Papua New Guinea Leader Criticizes Joe Biden’s Reference to Cannibals as an Unfair ‘Punchline’
President Joe Biden is known for occasionally saying things he shouldn’t, but his latest slip of the tongue has left a sour taste 9,000 miles away. During a visit last week to a war memorial in Pennsylvania, the President recounted the story of his aviator uncle, Ambrose Finnegan, who died during World War II in a plane crash when Biden was one year old.
“He got shot down in New Guinea, and they never found the body because there used to be a lot of cannibals, for real, in that part of New Guinea,” Biden said, adding that U.S. authorities managed to recover parts of the plane.

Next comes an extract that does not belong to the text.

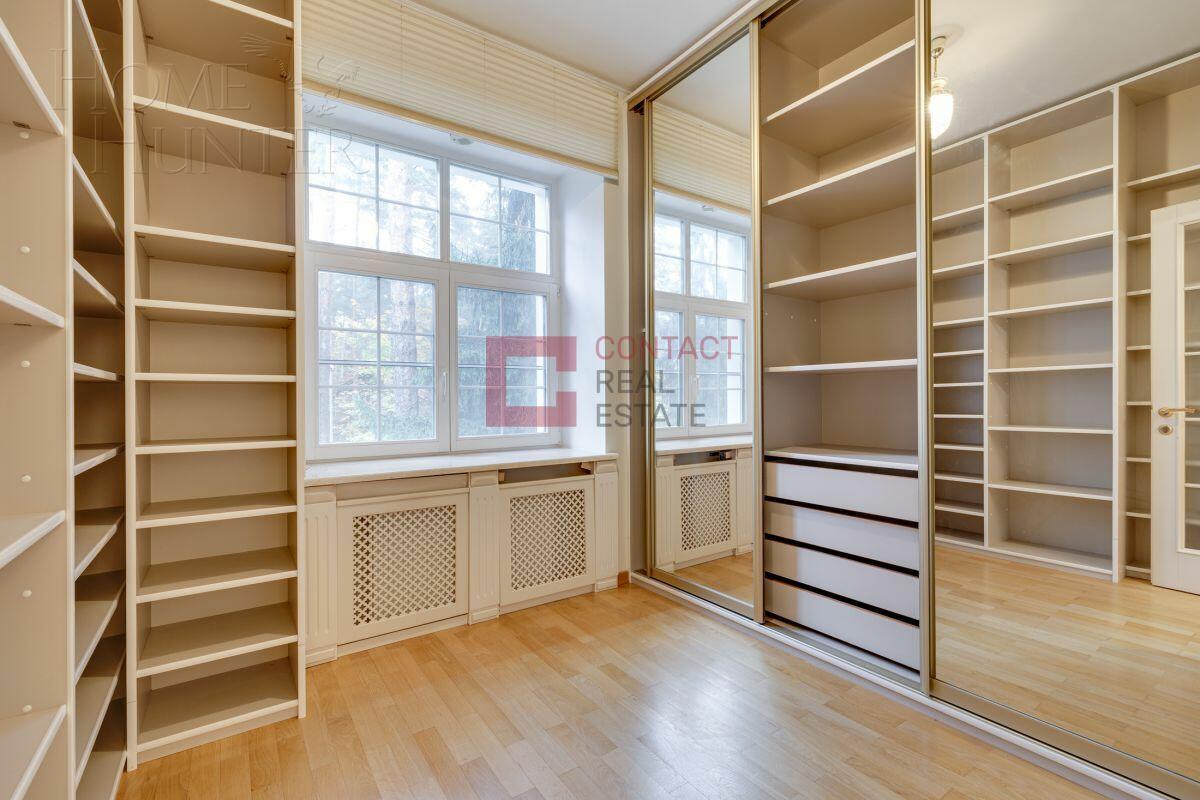 2-этажный коттедж 1 250 м² с отделкой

The details of Biden’s retelling weren’t exactly right—U.S. defense records state that Finnegan and two others went missing after their plane “for unknown reasons” was “forced to ditch in the ocean” and that “no trace” of the aircraft was found, while the White House clarified that the crash occurred over the Pacific “near” New Guinea but not in it—but Biden’s seemingly offhand suggestion that his uncle was eaten has sparked the sharpest blowback, particularly from Papua New Guinea’s Prime Minister James Marape.

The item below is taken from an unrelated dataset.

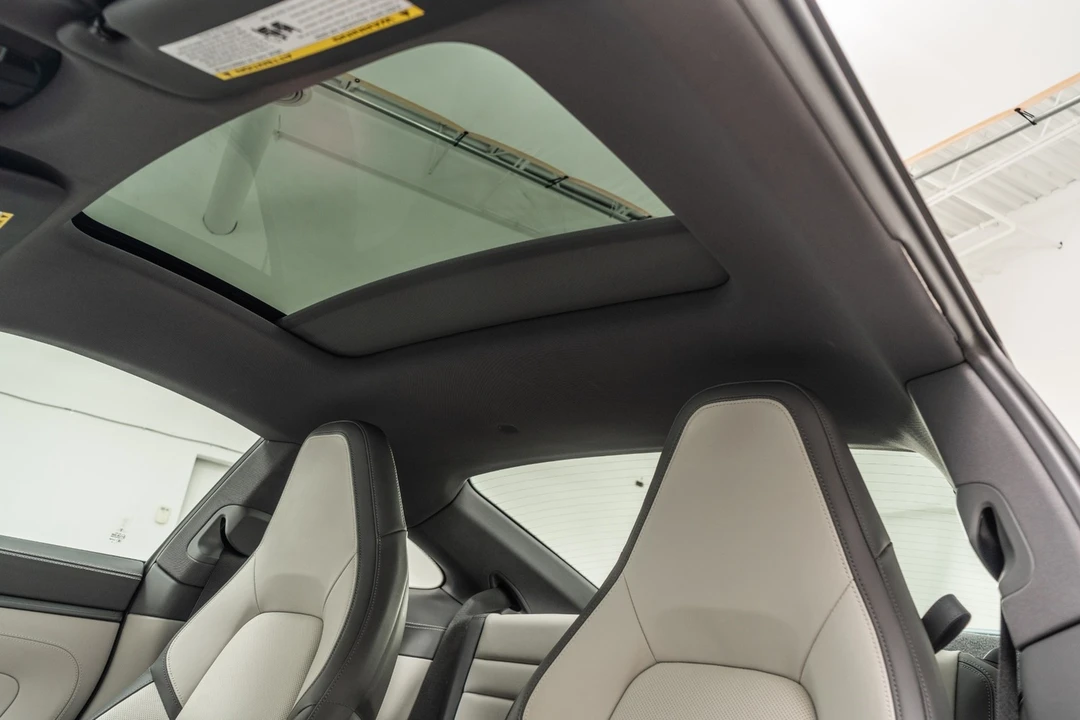 2025 Porsche 992 Carrera - Image 18 of 21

“President Biden’s remarks may have been a slip of the tongue; however, my country does not deserve to be labeled as such,” Marape said in a statement on Sunday.

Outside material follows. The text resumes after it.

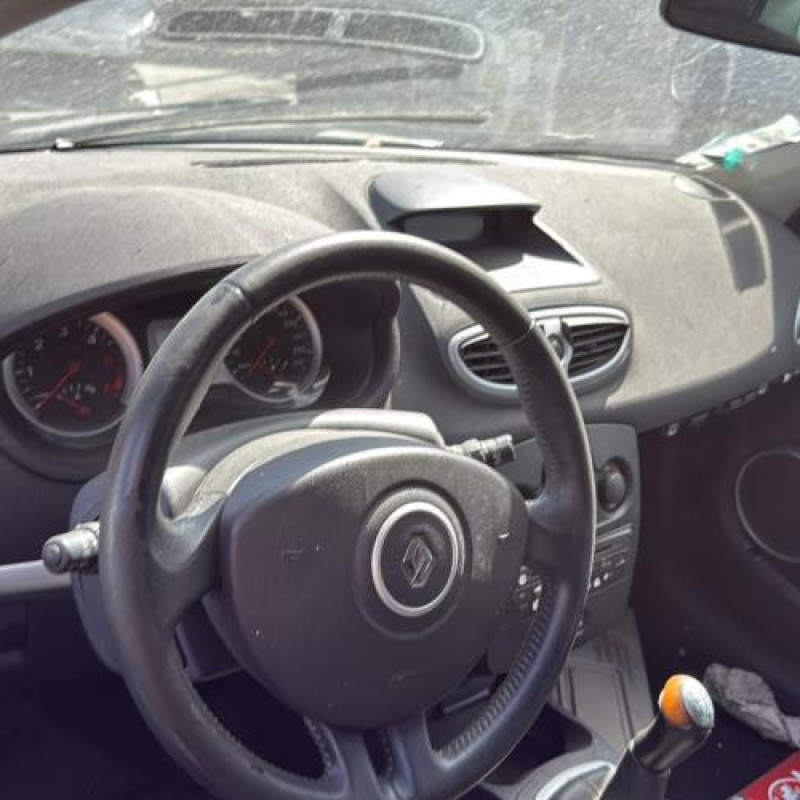 Aile avant droit RENAULT CLIO 3 Photo n°18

Cannibalism is known to have occurred in Papua New Guinea and the surrounding region, but stereotypes about it applied to the Pacific nation have been a sore spot for years, and Biden isn’t the only Western leader to reference it. Former British Prime Minister (then an MP) Boris Johnson made a similar faux pas in 2006, sparking a diplomatic row after he compared local political parties’ infighting as “Papua New Guinea-style orgies of cannibalism and chief-killing.”
Marape, in his response to Biden’s blunder, is using the opportunity to call for more attention to how Papua New Guinea and its neighbors continue to bear the brunt of lingering effects of World War II, pointing specifically to explosives that were planted during the war and that are still causing injuries today as well as bombs still detonating across the country.
“Our people daily live with the fear of being killed by detonated bombs of WWII,” Marape said, adding that Papua New Guineans were “needlessly dragged into a conflict that was not their doing.”
“The remains of WWII lie scattered all over PNG, including the plane that carried President Biden’s uncle,” Marape said. “I urge President Biden to get the White House to look into cleaning up these remains of WWII so the truth about missing servicemen like Ambrose Finnegan can be put to rest.”